第596章 单骑破梦

一颗颗泪珠如雨点打下,浑身被浇透的邹四九在此刻终于幡然醒悟。

这他妈哪里是什么模仿佛序的地上农国?

分明就是一座构筑诡异阴险的黄粱梦境!

看穿了这一点的邹四九,思绪不再混乱,顿时明白了整件事的来龙去脉。

正因为不是佛国的相互碰撞、侵蚀、覆盖,所以身为序三的袁明妃才会一败涂地,被对方轻而易举的击溃。
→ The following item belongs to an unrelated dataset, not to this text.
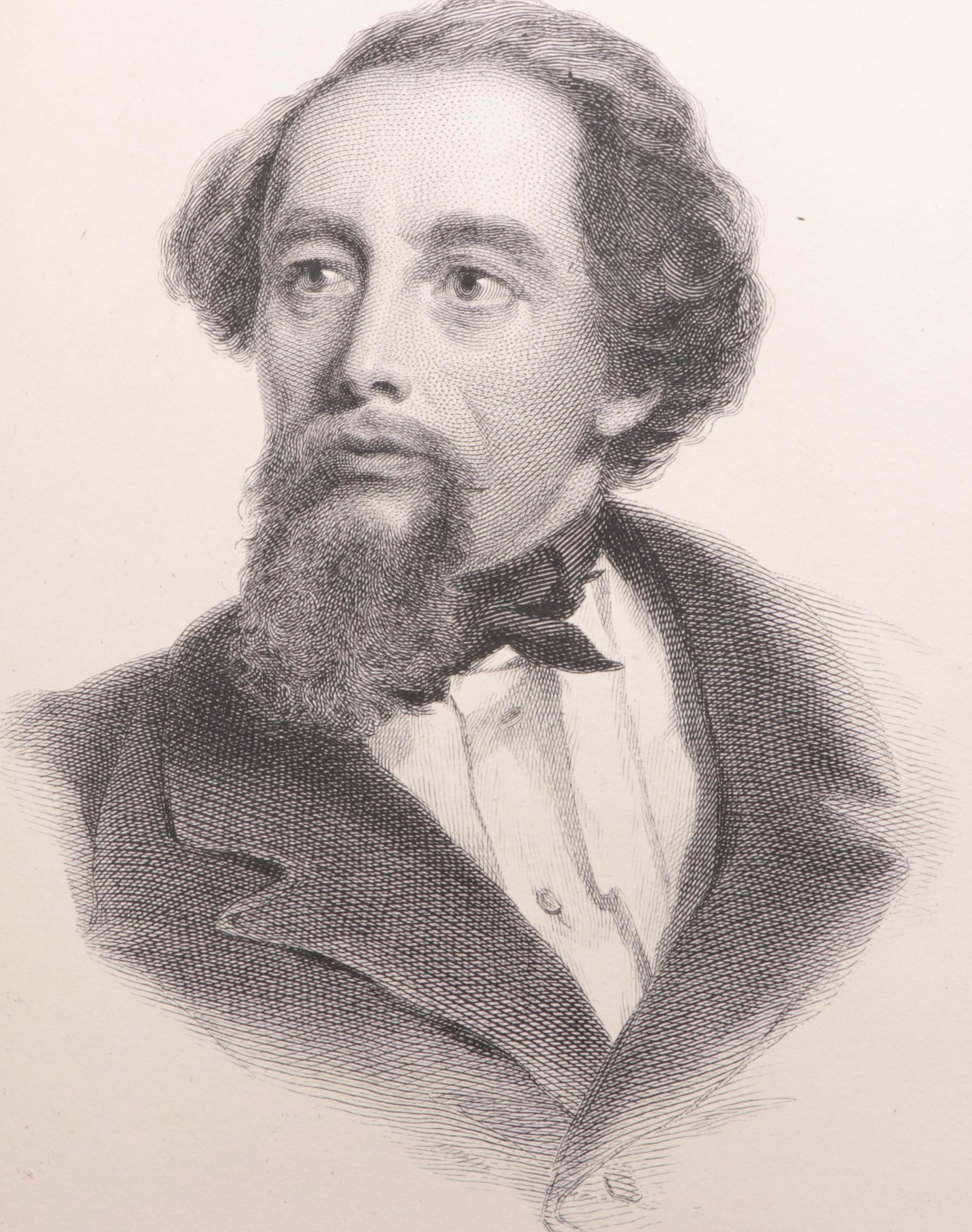 "The Life of Charles Dickens" Two-Volume Set by John Forster, 1899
在邹四九看来,在进入那座山谷的时候,自己这群人恐怕就已经中了招。

但黄粱梦境什么时候能将陈乞生这种纯粹血肉的老派道序拉进来?

难不成也是佛国和梦境的重叠的做法?

这种方式,邹四九在将陈乞生送入赵衍龙洞天的时候也采用过。

虽然当时他是和袁明妃两人一起联手施展,但对于这些喜欢缝合不同序列的农序而言,倒是有可能以一己之力做到。

而且这座梦境构筑的方式也确实足够邪门。

居然能够精准捕捉并针对众人意识内的恐惧,放大内心的欲望,在无声无息中,一步步将众人拖入梦境深处。

想到这里,邹四九的脑海中却又紧接着冒出一个疑惑。

可如果是黄粱梦境,为什么自己感觉不到任何已知的后门?

那可是自己安身立命的本钱,不管地缘的手段多么诡异,也不可能把所有的后门全部屏蔽。

也正是因为这一点,自己才会在毫无预警的情况下,被拉入梦境之中。

在所有涉及‘黄粱’的序列中,有一个普遍认知,那就是将‘黄粱’看成是一片可以承载并孕育一切幻想的海洋。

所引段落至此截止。